My new shop is looking to implement a Development standard that says,
if and when possible, do not build code in the database. Instead
code .NET Business/Data classes that spit out collections and have SQL
code in the class.
Any opinions on the difference, where to draw the line and what might
advantages/disadvantages?
Thanks in advance for any help or information.
Take it to the logical extreme - to have the minimum amount of SQL
anywhere, just create one routine that does a "select *" against any
table in the database. Then do all of the joins, filtering,
aggregation, etc in the .Net code. That'll really fly when your
application needs 1 row from 50 million.
If you have a database that needs 100s of stored procedures, write
100s of stored procedures. If you have a database that only really
needs 10, or 50, then write just those. There's no right number.
What you should be doing in any circumstance is using the right tool
for the job. Cursors are rarely the right tool, but that doesn't mean
never. And although T-SQL has some limitations, it also has
considerable strengths. You tell SQL Server what data you want, and it
figures out the optimal way to get that data.

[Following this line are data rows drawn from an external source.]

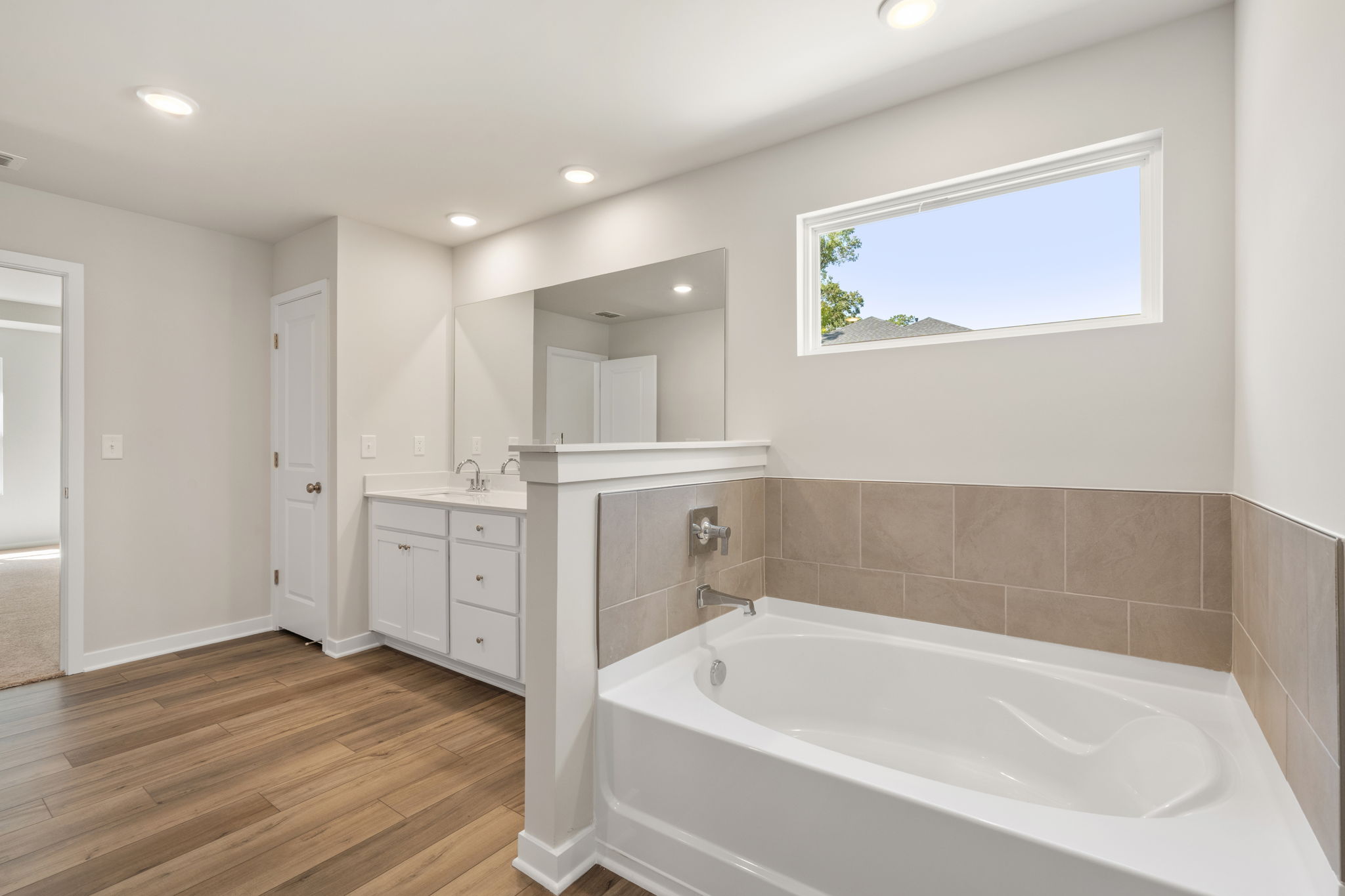 A bathroom with a tub and sink.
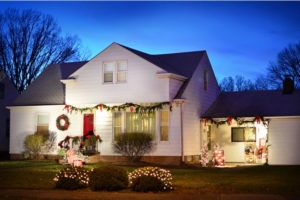 A white two-story house decorated for Christmas at dusk, including garlands, a wreath, lights, and outdoor decor.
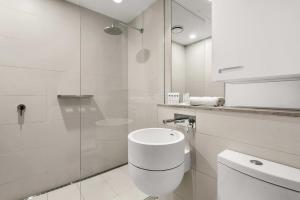 baño blanco con aseo y ducha acristalada en Contemporary 1-Bed in the Heart of St Kilda, en Melbourne 4 fotos más
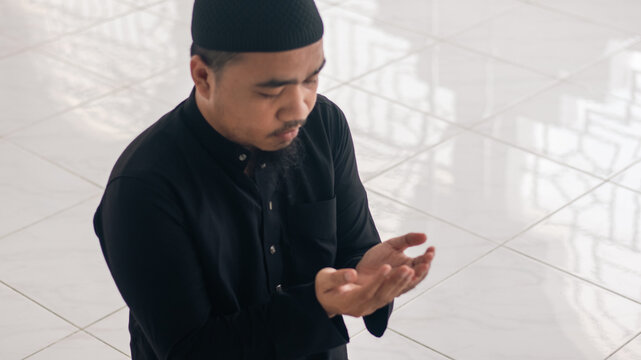 Muslim Man Praying Inside a Mosque
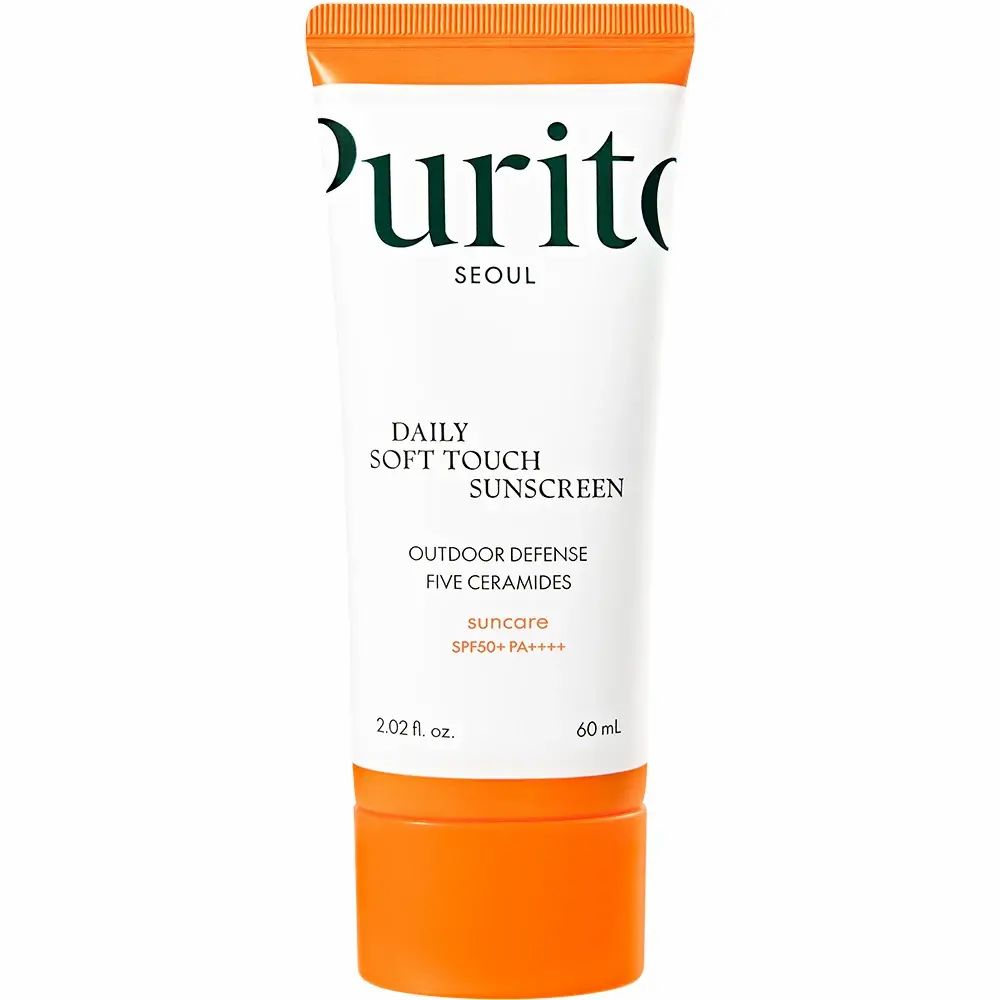 Witte tube met oranje dop. Opschrift: PURITO, Daily Soft Touch Sunscreen, SPF 50+ PA++++.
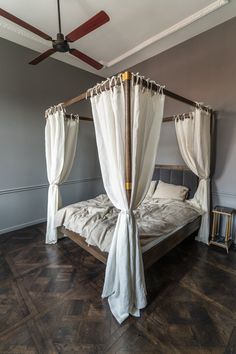 a four poster bed with white drapes on the top and bottom, in a bedroom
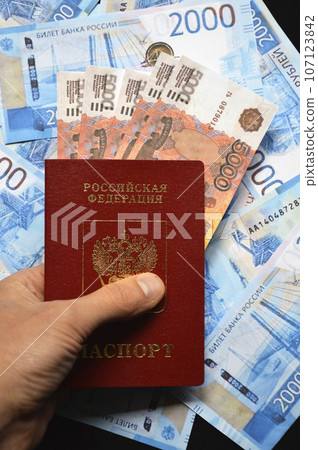 passport of a Russian citizen and 5000 Russian ruble banknotes passport of a Russian citizen and 5000 Russian ruble banknotes 107123842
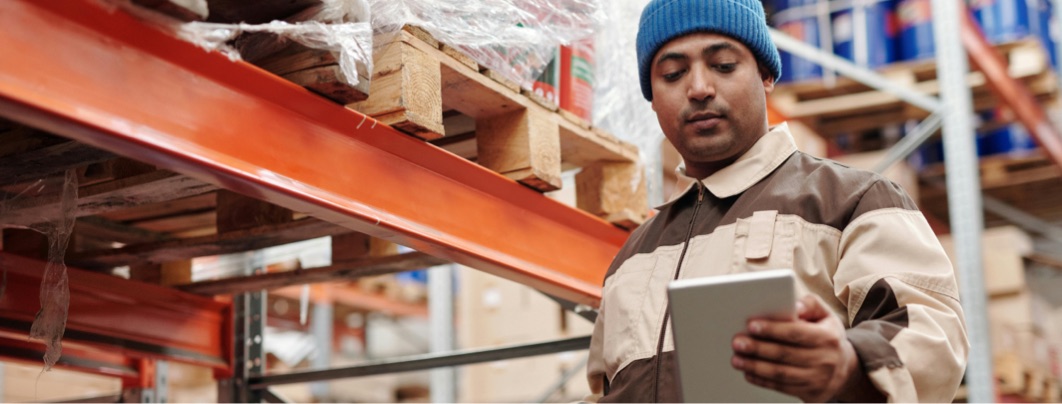 man wearing a beanie looking at a list in a warehouse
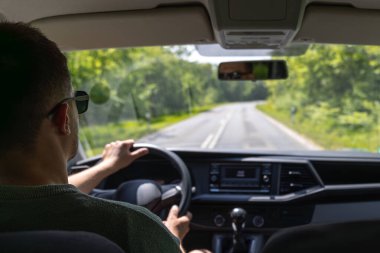 Koyu renk güneş gözlüğü takan bir adam, güneşli asfalt bir yolda orman yeşilliği ve iç perspektifle kaplı bir şekilde araba sürer..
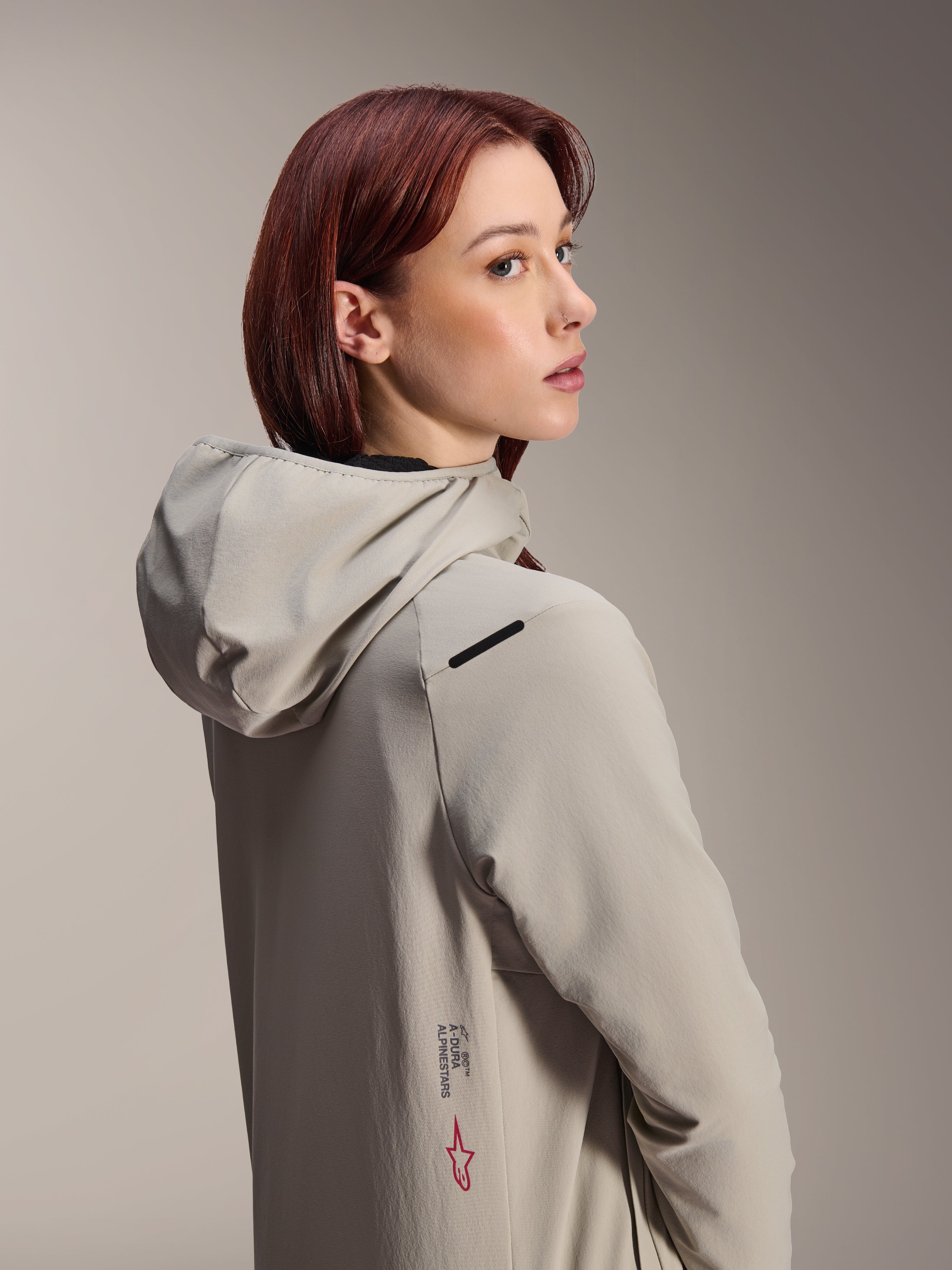 Alpinestars Stella A-Dura Thermal Jacket, Damen-MTB-Jacke, Titanium-Grau, Frau, die über ihre Schulter blickt und eine Performance-Jacke mit Kapuze trägt, mit Alpinestars-Schriftzug und rotem Stern-Logo an der Seite, konzipiert für Radsport bei kaltem Wetter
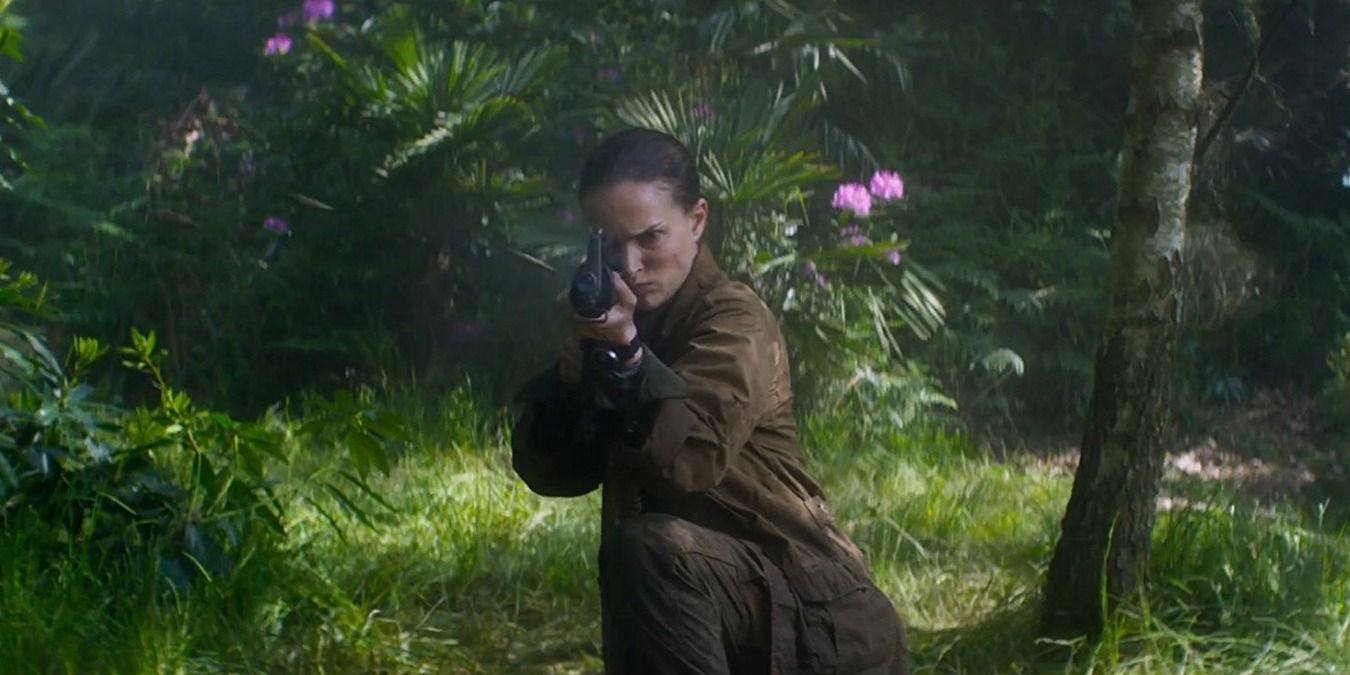 Lena kneeling in the forest, holding her gun up in Annihilation.
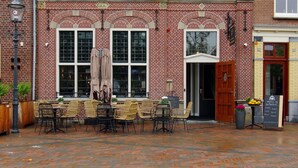 A brick building with a traditional design, featuring multiple windows and a door. - Hotel Restaurant Inn Naeldwyk (Naaldwijk)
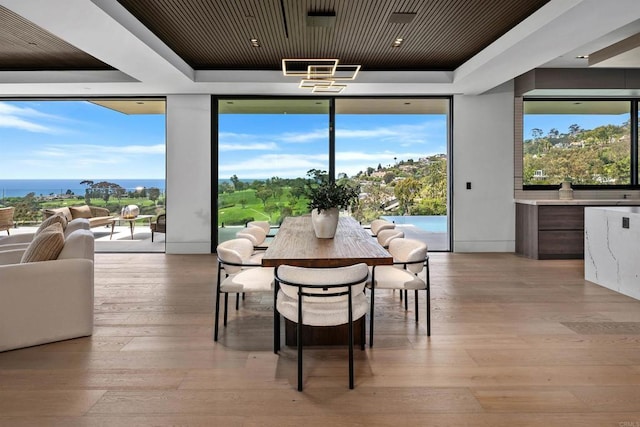 6627 Muirlands Dr, La Jolla, CA 92037 - dining space with a wall of windows, a raised ceiling, light wood-style floors, and plenty of natural light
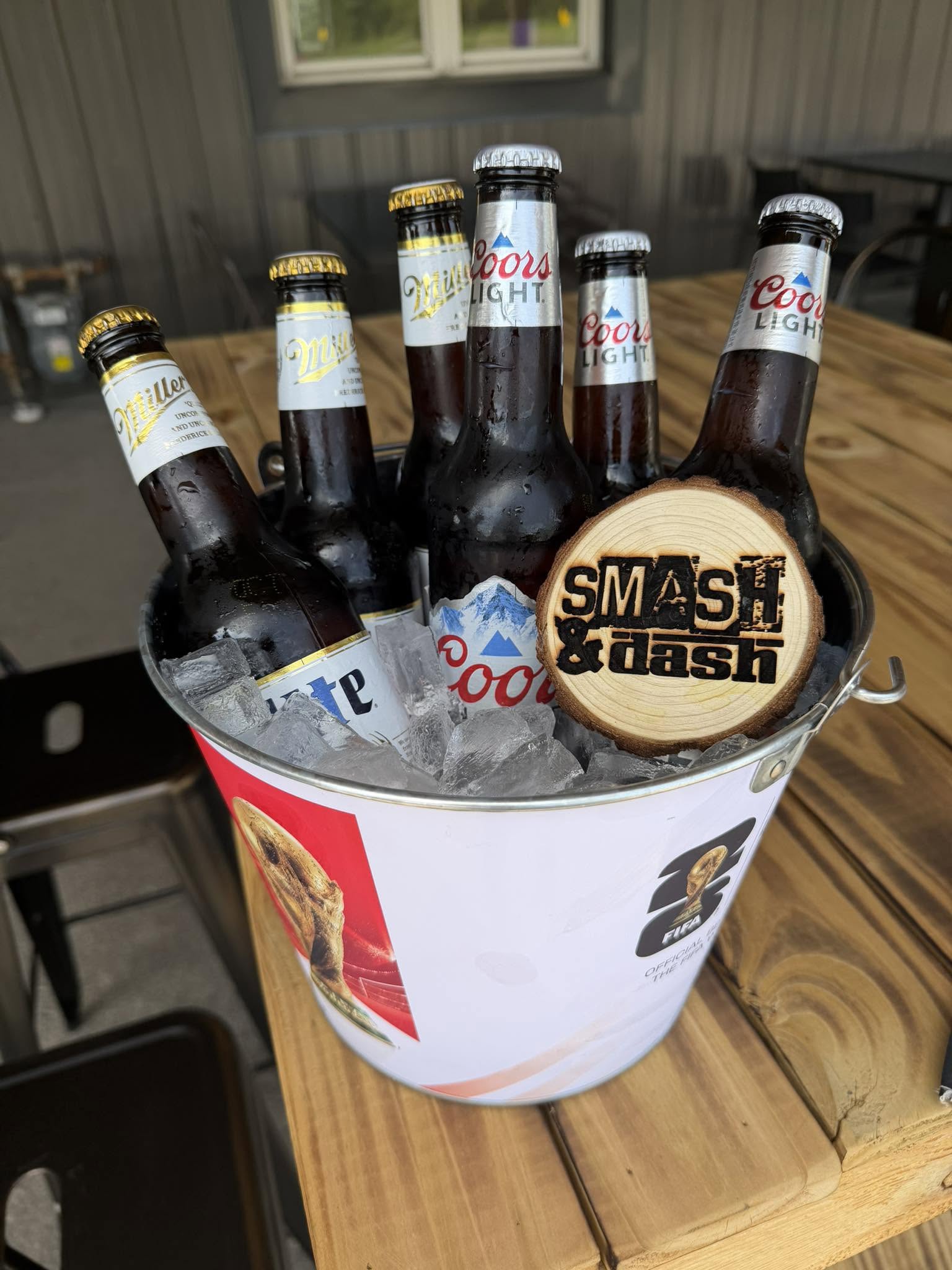 A bucket of cold bottles on the table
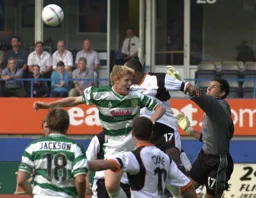 Rob Beckwith punches the ball clear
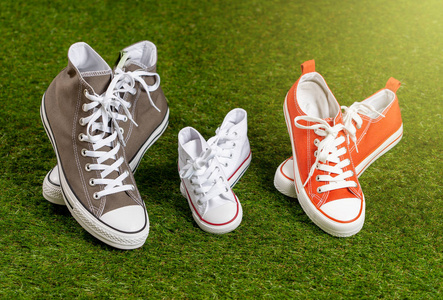 概念形象家庭胶鞋运动鞋的父亲，母亲和儿子，女儿在绿草上，男人，女人和孩子在快乐的时刻在一起，家庭育儿教育和生活方式的概念。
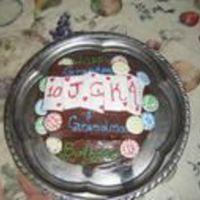 Card Cake This is a picture of the cake I made for my grandparents birthdays. It was my frist try at decorating a cake. The cards and chips are made...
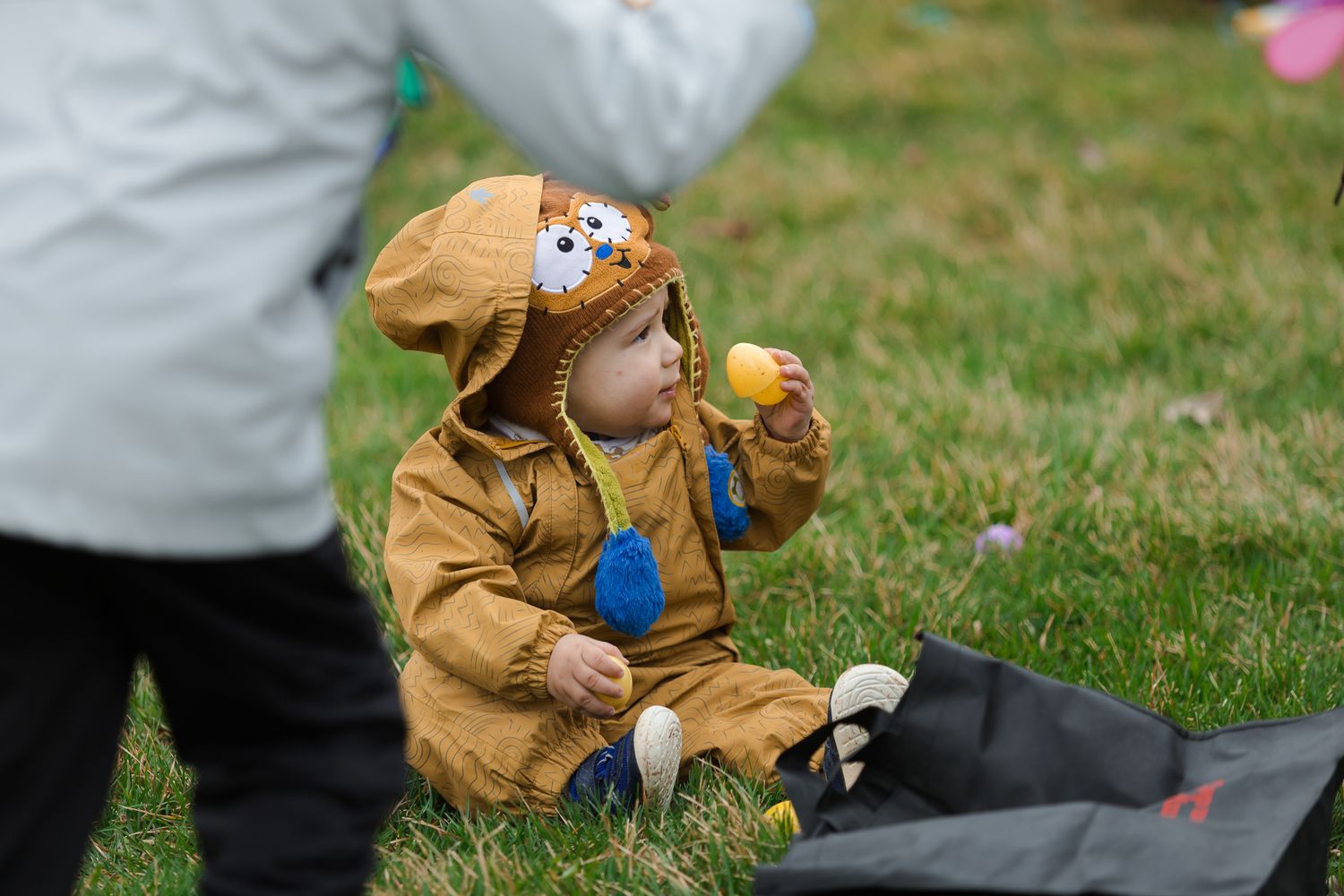 Toddler in brown bear costume sitting on grass eating at an outdoor Easter egg hunt event.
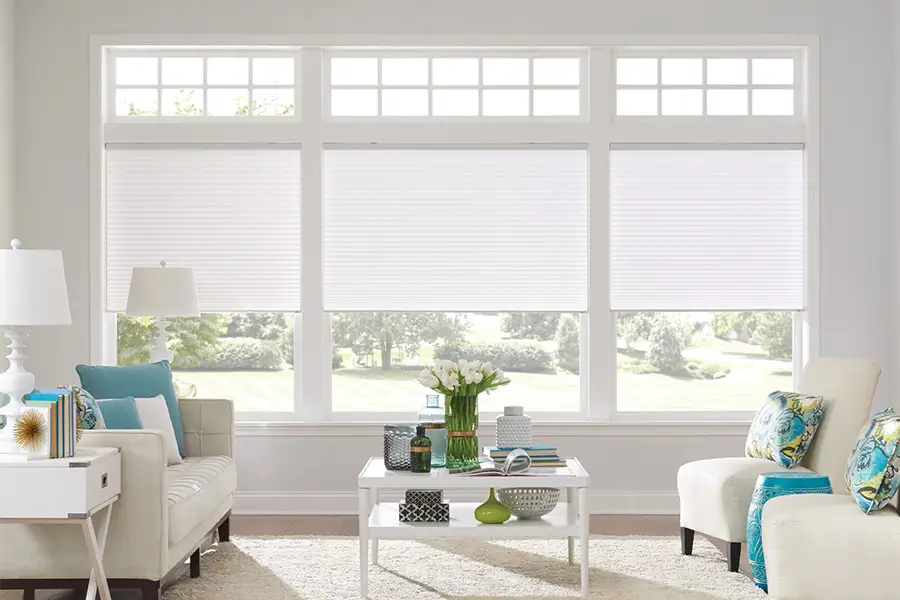 Insulating cellular shades can help keep cold air and hot UV rays from entering your Atlanta home. White cellular shades on windows in a white living room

Sometimes the optimal way still isn't fast enough, and that, IMO, is
the point when you get the DBAs involved - "can you change anything to
make this work faster?" - which may lead to them re-writing your
procedure, or to them just changing some indexes on the server, or
introducing partitioning, etc. All of that depends on how big your
shop is and how it's split between devs/DBAs (and how much access devs
have to boxes where they can do the SQL work - i.e. Dev servers)
The advantage of putting code in the database becomes apparent as soon
as another application starts dealing with the database. If the code's
in the database, then you don't have to worry about it doing things
differently when it's making changes. And just because you don't write
a second application, it doesn't mean your customers won't want to.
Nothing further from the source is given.